Watch the Official Videos:
“Exchange” plays through like a cleansing wave built around an Isaac Hayes sample and is a welcome palate cleanser, so much so it is reprised as the album closer replete with vocals.
With whisper like vocals from Sara Jay, “Dissolved Girl” follows a similar construct to “Angel.” It has a sense of urgency underpinning it and whilst it begins with the feeling of rays of warm sunlight breaking through clouds, things quickly shift into a spiraling cacophony of distorted guitars and on-the-edge drumming before looping back to a moment of calm. However, for the second half of the song, things change and the brewing sonic storm still threatens to break through once more.
“Man Next Door” is a dubbed out cover of Jamaican reggae artist John Holt’s “I’ve Got To Get Away” and in tune with the rest of Mezzanine shifts the track to a slower trot, painting it in darker hues. The result is, once more, gloomier and borderline menacing.
In one of music history’s most costly use of (uncleared) samples, “Black Milk” is built entirely around an extended co-opting of Manfred Mann’s “Tribute.” Whereas on the rest of the album, samples are used to embellish moments in a song or form part of its foundation, “Black Milk” was a direct lift. This resulted in an out of court settlement that saw Massive Attack shy away from sample use in the future. Ironically the song itself is one of the lesser tracks on the album despite Liz Fraser gracing us once more with her dream inducing vocals.
“Mezzanine” with its slow boil attack and disheveled distortion, and the sprawling, shape-shifting modern lament of “Group Four” bring the album to an overwhelmingly satisfying conclusion, along with the revised take of “(Exchange).”

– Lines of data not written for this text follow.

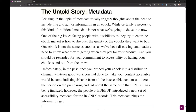So let's start — you will have to listen to some narrated text here before I can do it, but this is a very good book so enjoy. Unfortunately, in the past once you pushed your ebook into a distribution channel, whatever good work you had done to make your content accessible would become indistinguishable from all the inaccessible content out there. At about the same time that EPUB 3 was being finalized, however, the people at EDItEUR introduced a new set of accessibility metadata for use in ONIX records.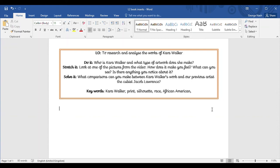Here is the sheet you're going to use for today's work. The 'do it' task says: who is Kara Walker and what type of artwork does she make? The 'stretch it' task says: look at one of the pictures from the video — how does it make you feel, what can you see, and is there anything you notice about it? The 'solve it' task says: what comparisons can you make between Kara Walker's work and our previous artist, the Cubist Jacob Lawrence? Maybe have a Google and think back to some of the work Jacob Lawrence did and compare that to Kara Walker's. Key words are provided: Kara Walker, print, silhouette, race and African-American.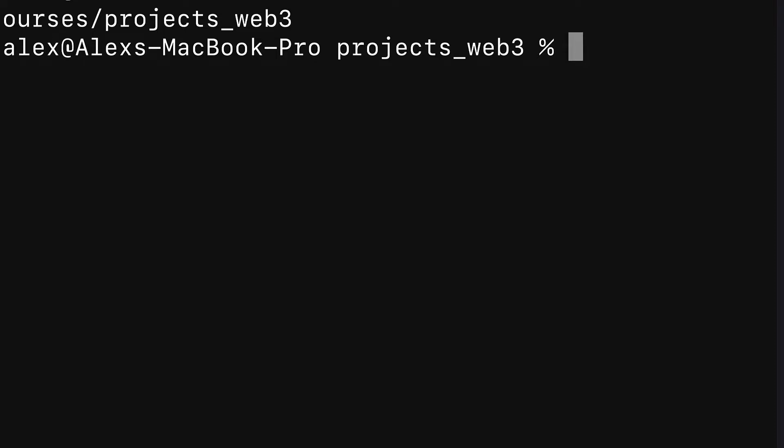In this lecture, we are starting our project of building a simple NFT contract with Hardhat, OpenZeppelin, and deploying to a local blockchain. To get started, we have to build a new Hardhat project.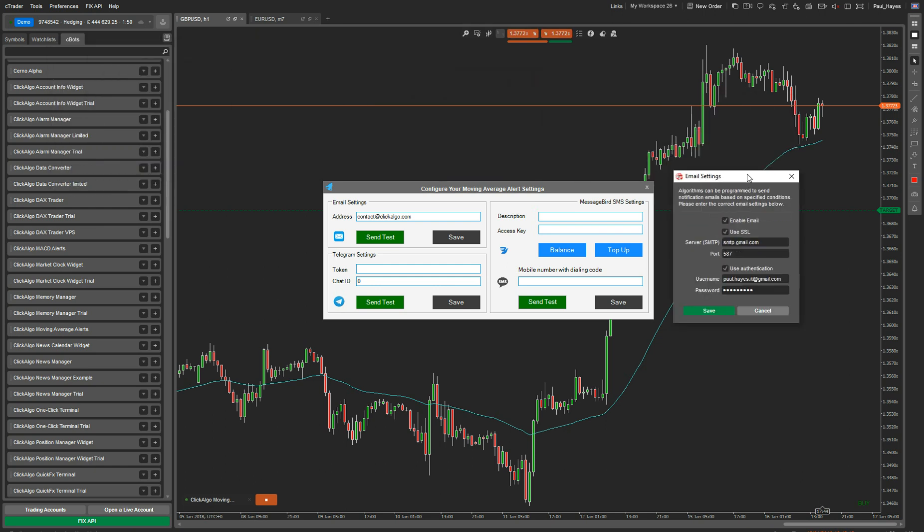On here you can see that I'm using a Gmail account. So if you're using a Gmail account, you've got to find your server. You can do this by Google. You could just do a Google search and just say Google SMTP server or Google Email Settings, and it'll give you the values that you need to use.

Bleak. Blurry. Beautiful. This is Mezzanine. Perhaps the defining album of the trip-hop era. It exhibits Massive Attack at its apex production wise and in songcraft, showing how the use of, and cross-pollination between, samples should be used as an element of songwriting and not the root cause (with the exception of “Black Milk”). Its dark embrace is one worth giving into and allowing yourself to be lost in. It will forever take me back to late nights spent working when the music seemed to stir a collective desire for creativity. It’s charged with energy and primed to awaken the senses in a way that few albums in the later part of the 1990s dared to do.